The ideas and theories in 2011’s The Day He Arrives marks it out as an oddity in the most unconventional sense, likewise with the improvisational toned performances. However the execution undoes most everything, reducing it to something that feels like the output from a director learning on the job and not a veteran of 16 years.
****
Directed by Sung-Hyun Yoon
Bleak Night sees the father of a high school student attempt to get some answers surrounding the death of his son. All he has to go on is a photo of his son with his two best friends, neither one of which came to his funeral. Even though Ji-Tae (Lee Je-Hoon’s) father is looking for answers he barely features in the film, most of the film alternates between the aftermath of Ji-Tae’s death and the events that led up to it. Told out of order, but rather than being some flashy trick by a young director it is entirely necessary in making Yoon Sung-Hyun’s film an affecting look into the lives of three Korean teenagers.
Much of the Korean cinema that makes the jump from East to West paints the country in fantastical, exaggerated hues; Bleak Night shows a realistic and unflattering vision of Korea. The most fitting point of comparison would be social realism thanks to the themes of childhood abandonment, the socially ostracised, teenage gangs & bullying twinned with a colour palette of greys in an area of Seoul rampant with desolate suburban geography.

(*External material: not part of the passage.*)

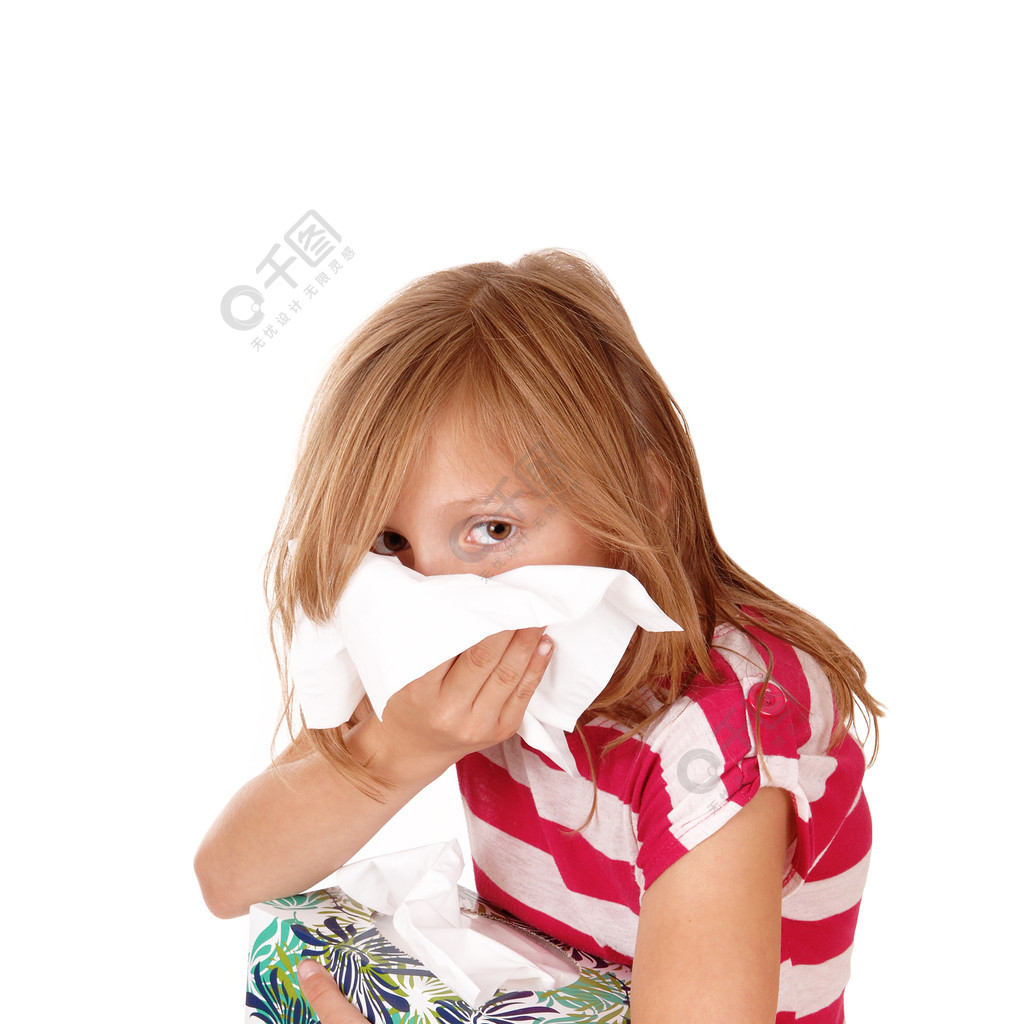 一个可爱的年轻金发女孩吹着流鼻涕手里拿着一个纸巾盒被白色背景隔离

All of which is offset by the fleeting moments where the three friends, Ji-Tae, Dong-Yoon (Seo Jun-Young) and Baek (Park Jung-Min) spend lazy afternoons having fun, chasing girls, acting their age. It’s in these moments where the film finds its dramatic heft, contrasting this with the moments where the friends’ childhood is destroyed by Ji-tae’s new imposing persona. That contrast proves to be heart-breaking by the films end, even if Ji-tae’s father doesn’t find out the truth; the film still packs an emotional punch. When a film is as unrelenting as this, a simple smile is anything but.
It’s not just the story telling that champions Yoon Sung-Hyun’s film, which was audaciously planned as a graduation film for the Korean Academy of Film Arts, the performances play they part too. Bleak Night has three wonderful leads that illuminate the conservative values of Korea, with bowed heads and contained mannerisms, a side of the country that is rarely seen. Playing off this is the anger that these boys feel, whether it is a petty argument or a full blooded fight. Much of the interaction comes when Ji-Tae transformation from a caring friend with an aggressive sense of humour into what is ostensibly a gang leader. Those moments fuelled by anger ring true in a way that recalls nostalgia for all the wrong reasons, that palpable sense of an unhinged character is found in all walks of life after all teenagers are the same the world over. As both a writer and a director of actors, Yoon shows a fascinating understanding for what it means to be this age.
Although both are firmly within the arthouse, it wouldn’t be too much of a stretch to describe this week’s other film as mannered and pompous, In what proves to be a stylistic 180 from Bleak Night – a stunning feat of naturalism. It is slow paced and the dialogue is minimal, but this is an atmosphere piece about disillusioned youth, the passing from teenager to adult, leaving behind past ties. All sold thanks to the intimacy of the handheld camera work, shadowing that sombre antithesis to the extravagant giants of the Korean New Wave. Chances are titles like this will be amidst the Joon H0-Bong’s of the world. Regardless of the number of people this film will reach, Bleak Night is a deeply personal work from its young director, shot with a unique vision on what it means for Korean cinema to be Korean.